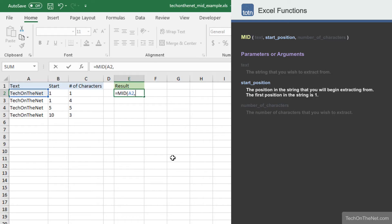Again, this parameter can either be a value or the reference to a cell. In our example, we will enter cell B2, which contains the value 1. This means that we will begin the extraction at the first position in the string TechOnTheNet.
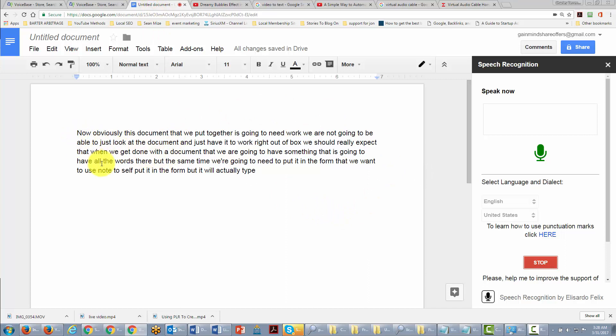Once again, the way to transcribe a recording is to turn it to audio and then to use voice base. Okay, so with that, thanks, and I will see you in another video.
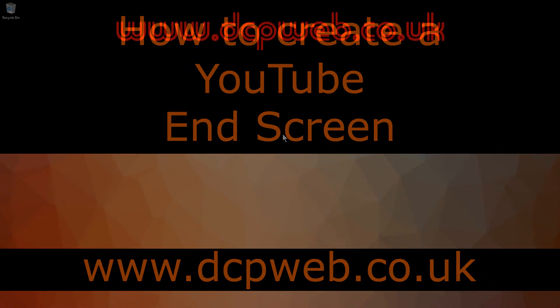Welcome to this DCP web tutorial. In today's tutorial I'm going to show you how to create an end screen on your YouTube video.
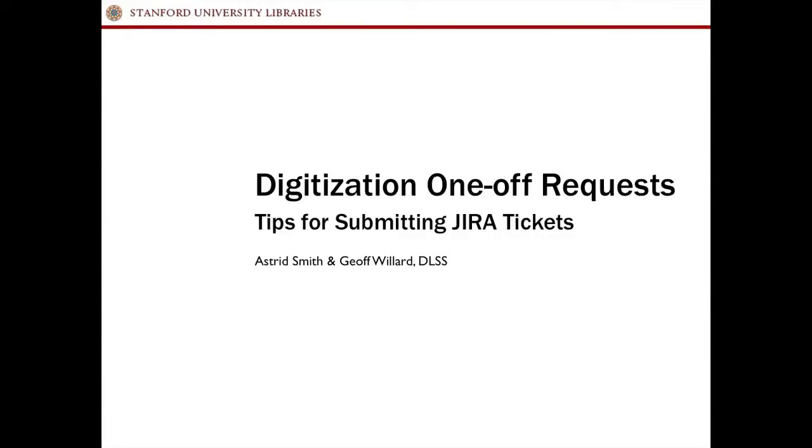My name is Jeff Willard. I'm here with Astrid Smith. We're part of DLSS, and we're going to walk you through the digitization one-off request Jira submission form.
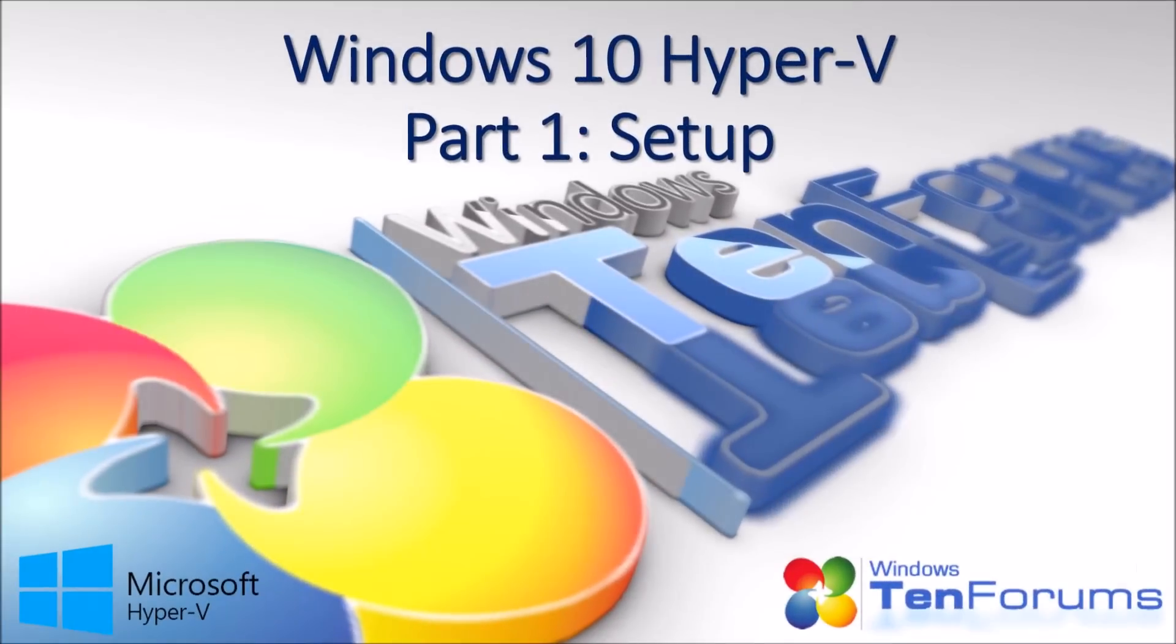Hi, and welcome to the10forums.com. In this video, you will see how to set up Hyper-V in Windows 10, to be ready for your first virtual machine.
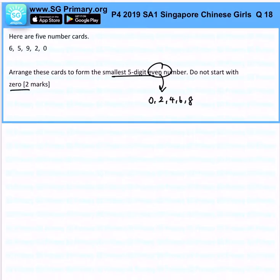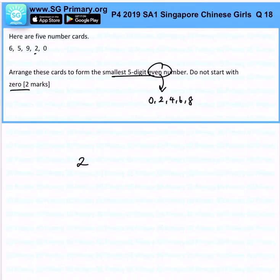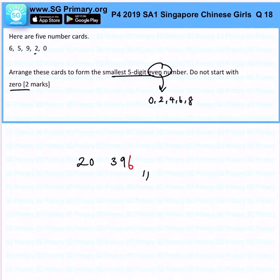Do not start with 0, so if you want the smallest, immediately we will put 2 at the front. And subsequently, we will make sure that we arrange from the smallest to the biggest — so I will put 0 over here, 3 over here, 9 over here. And take note, this must be an even number. So overall, you will realise that this is my smallest 5-digit even number.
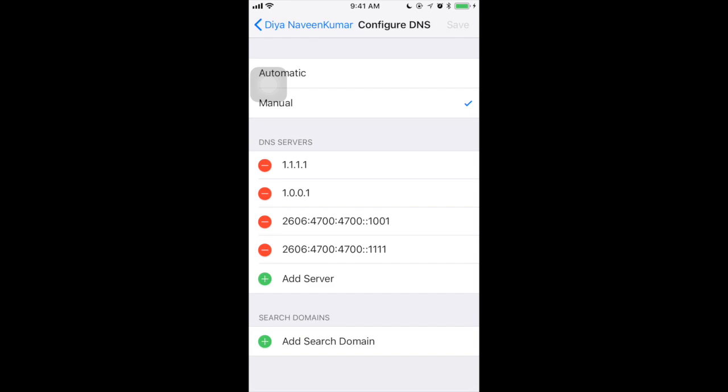So if you go to your Wi-Fi network and tap the eye icon, if you scroll down, you can configure the DNS settings for your Wi-Fi or cellular. By default, iPhone supports automatic and manual. In this screen, you are seeing my manual setup of my DNS servers.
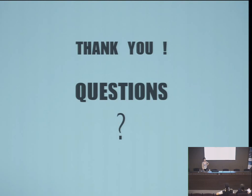And that was all. Thank you very much. Do you have any questions?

What needs to be done »
Copy the preceding data in full and word for word, dropping its pictures.

Problem solution »
Again, this parameter can either be a value or the reference to a cell. In our example, we will enter cell B2, which contains the value 1. This means that we will begin the extraction at the first position in the string TechOnTheNet.
Once again, the way to transcribe a recording is to turn it to audio and then to use voice base. Okay, so with that, thanks, and I will see you in another video.
Welcome to this DCP web tutorial. In today's tutorial I'm going to show you how to create an end screen on your YouTube video.
My name is Jeff Willard. I'm here with Astrid Smith. We're part of DLSS, and we're going to walk you through the digitization one-off request Jira submission form.
Hi, and welcome to the10forums.com. In this video, you will see how to set up Hyper-V in Windows 10, to be ready for your first virtual machine.
Do not start with 0, so if you want the smallest, immediately we will put 2 at the front. And subsequently, we will make sure that we arrange from the smallest to the biggest — so I will put 0 over here, 3 over here, 9 over here. And take note, this must be an even number. So overall, you will realise that this is my smallest 5-digit even number.
So if you go to your Wi-Fi network and tap the eye icon, if you scroll down, you can configure the DNS settings for your Wi-Fi or cellular. By default, iPhone supports automatic and manual. In this screen, you are seeing my manual setup of my DNS servers.
And that was all. Thank you very much. Do you have any questions?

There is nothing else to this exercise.